- _What is expected_
If pictures appear in the lines below, skip them and copy exactly the lines from the one containing "BREITLING ENDURANCE PRO" through the one containing "Kajol speaks out", and nothing else.

- _Input data_
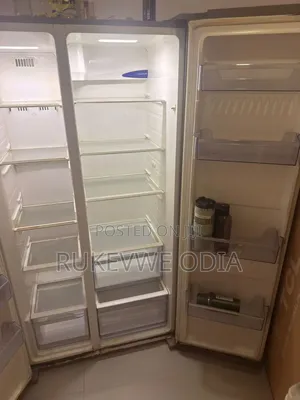 Nexus 345l Refrigerator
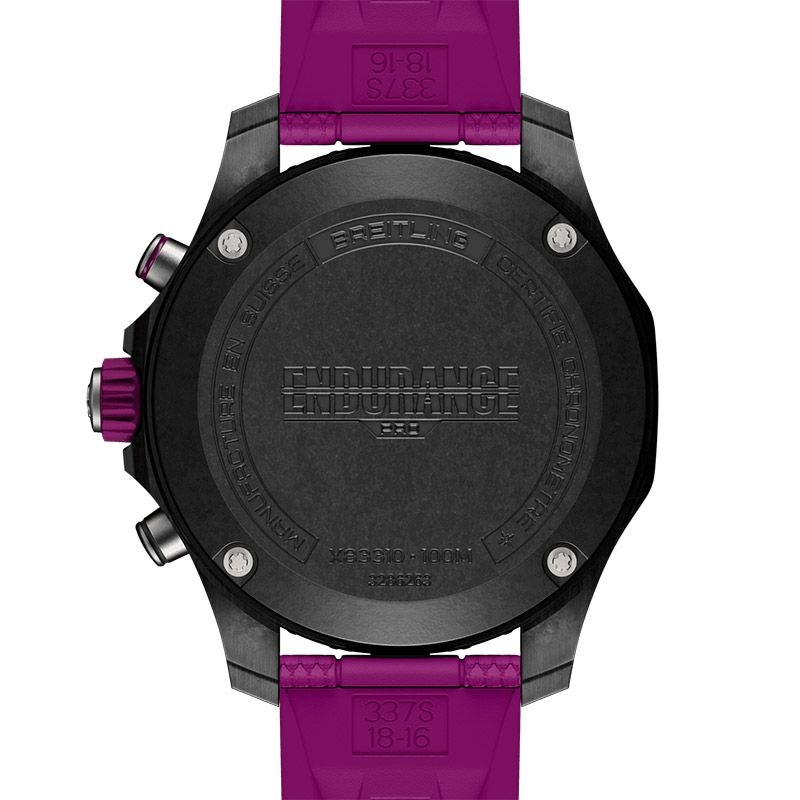 BREITLING ENDURANCE PRO 38 ブライトリング エンデュランス プロ 38 X83310F61B1S1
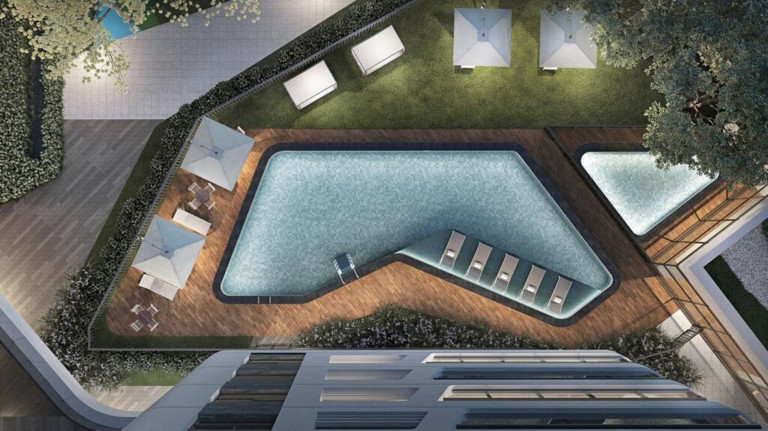 Imagem Imóvel com 3 Quartos à Venda, 134 m² em Chácara Santo Antônio (zona Sul) - São Paulo Imagem Imóvel com 3 Quartos à Venda, 134 m² em Chácara Santo Antônio (zona Sul) - São Paulo
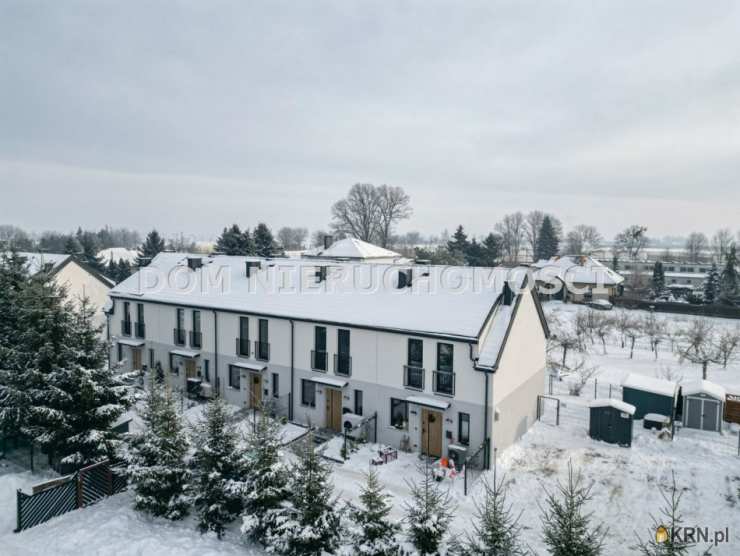 Dom  na sprzedaż, Łęgajny, ul. Olsztyńska, 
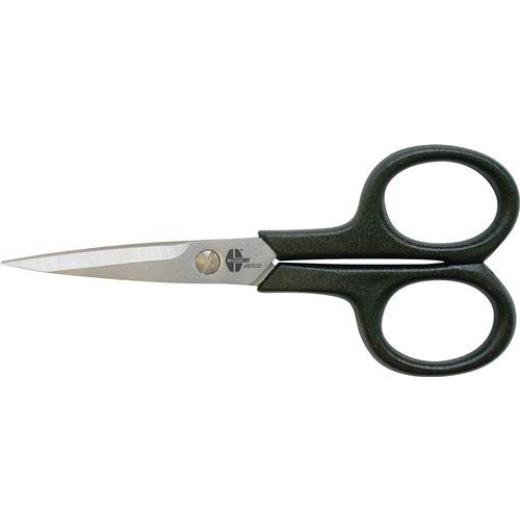 Arbeits-/Fadenschere Gesamt-L.110mm Schnitt-L.45mm HESSE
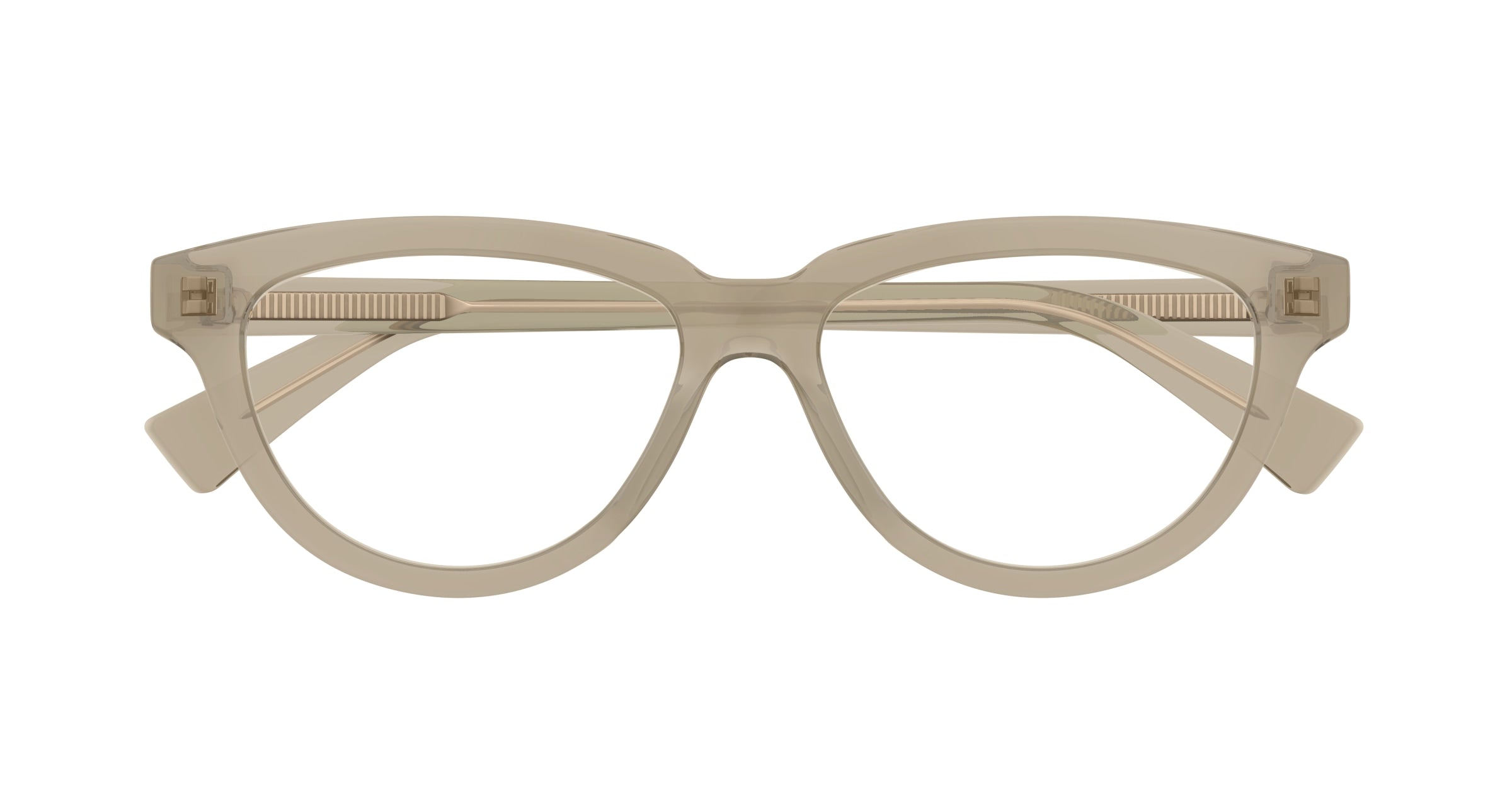 BV1366O 003 Montature da vista Bottega Veneta 2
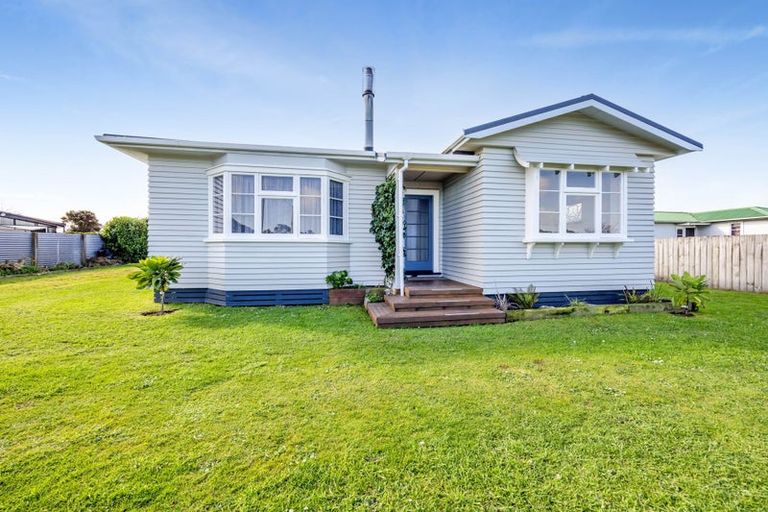 Photo of property in 45 Kauae Street, Manaia, 4612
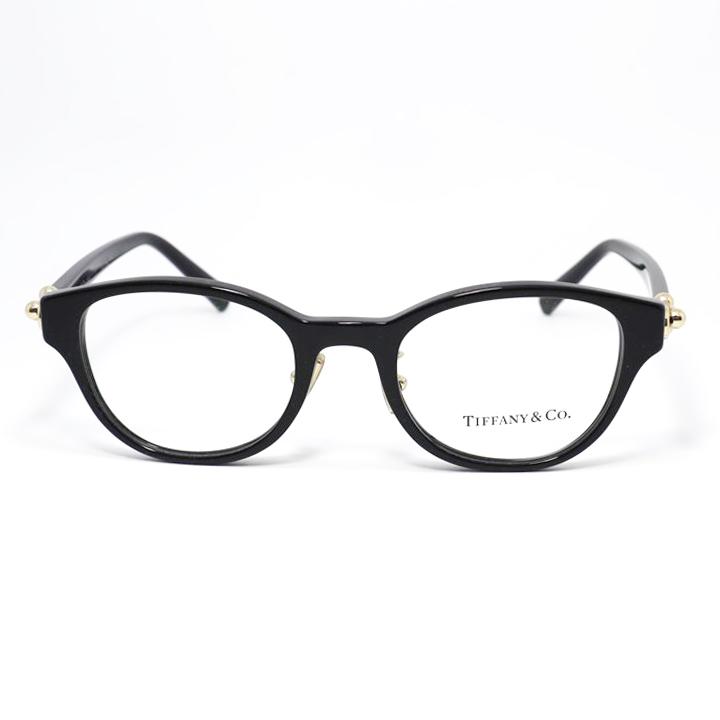 TIFFANY&Co.（ティファニー） メガネ レディース 眼鏡 メガネ フレーム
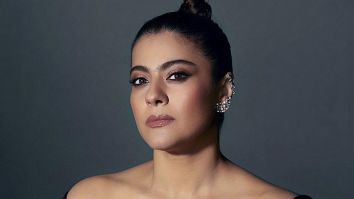 Kajol speaks out against pressure on young actresses to undergo plastic surgery; says, “It should be a personal choice”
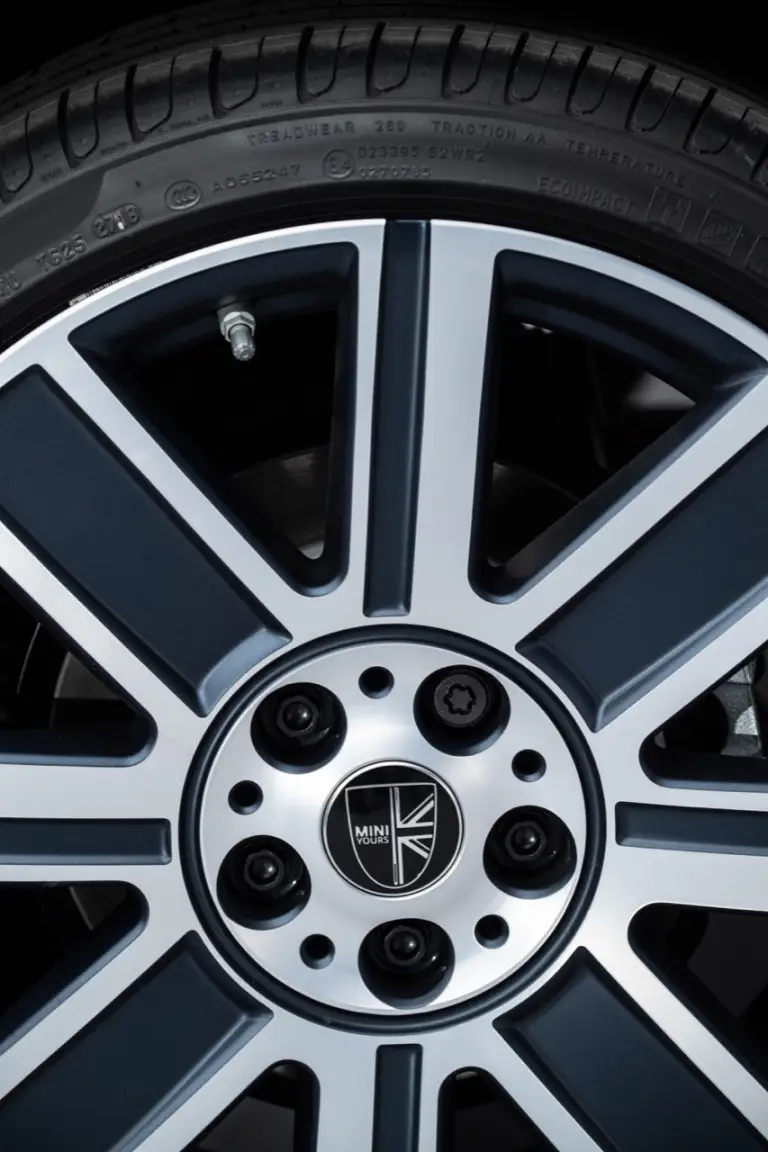 MINI Clubman 2020 - foto - 146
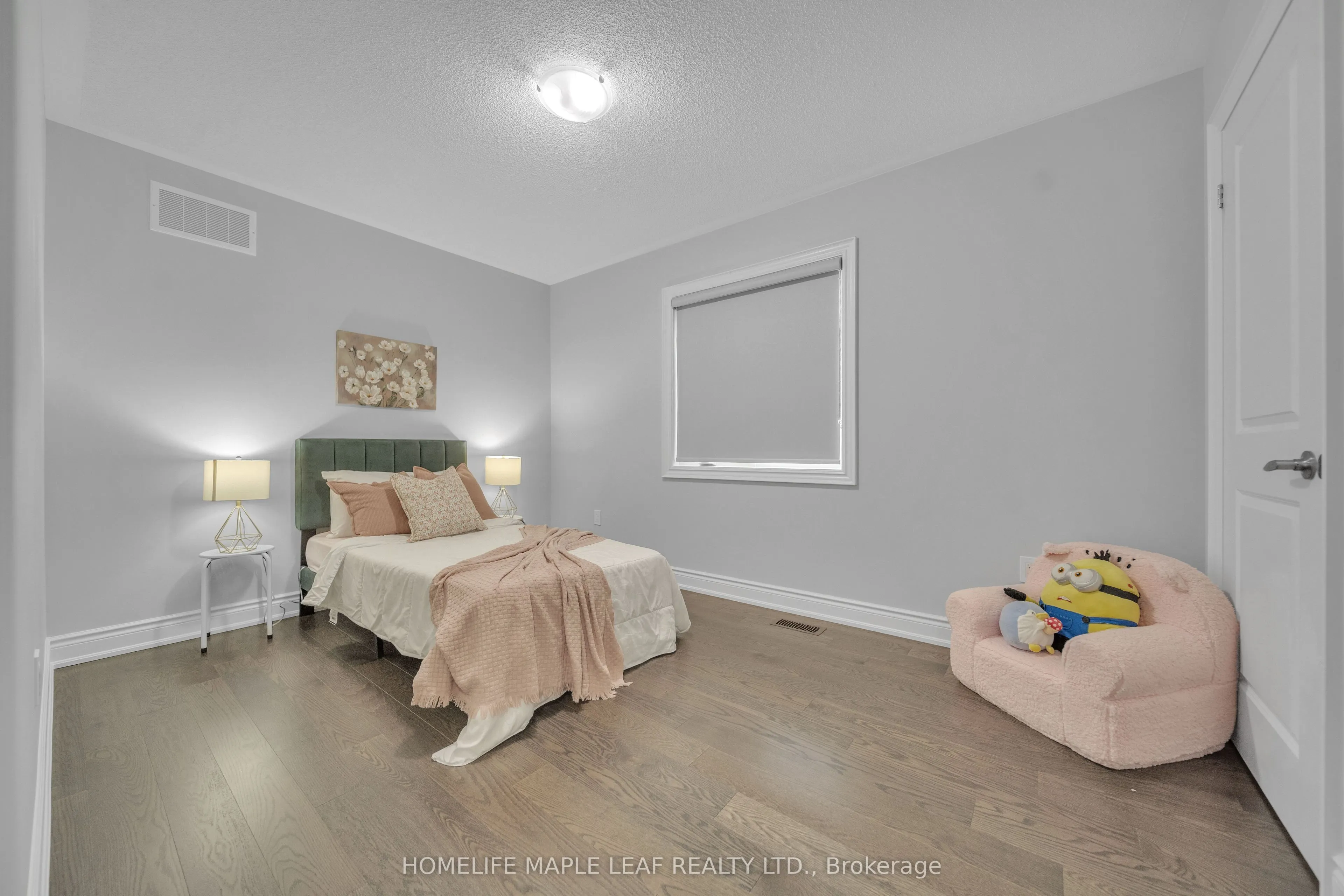 15 Quinton Ridge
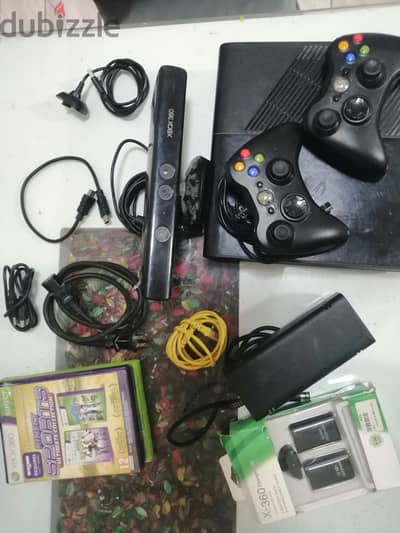 xbox 360 e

- _Answer to this problem_
 BREITLING ENDURANCE PRO 38 ブライトリング エンデュランス プロ 38 X83310F61B1S1
 Imagem Imóvel com 3 Quartos à Venda, 134 m² em Chácara Santo Antônio (zona Sul) - São Paulo Imagem Imóvel com 3 Quartos à Venda, 134 m² em Chácara Santo Antônio (zona Sul) - São Paulo
 Dom  na sprzedaż, Łęgajny, ul. Olsztyńska, 
 Arbeits-/Fadenschere Gesamt-L.110mm Schnitt-L.45mm HESSE
 BV1366O 003 Montature da vista Bottega Veneta 2
 Photo of property in 45 Kauae Street, Manaia, 4612
 TIFFANY&Co.（ティファニー） メガネ レディース 眼鏡 メガネ フレーム
 Kajol speaks out against pressure on young actresses to undergo plastic surgery; says, “It should be a personal choice”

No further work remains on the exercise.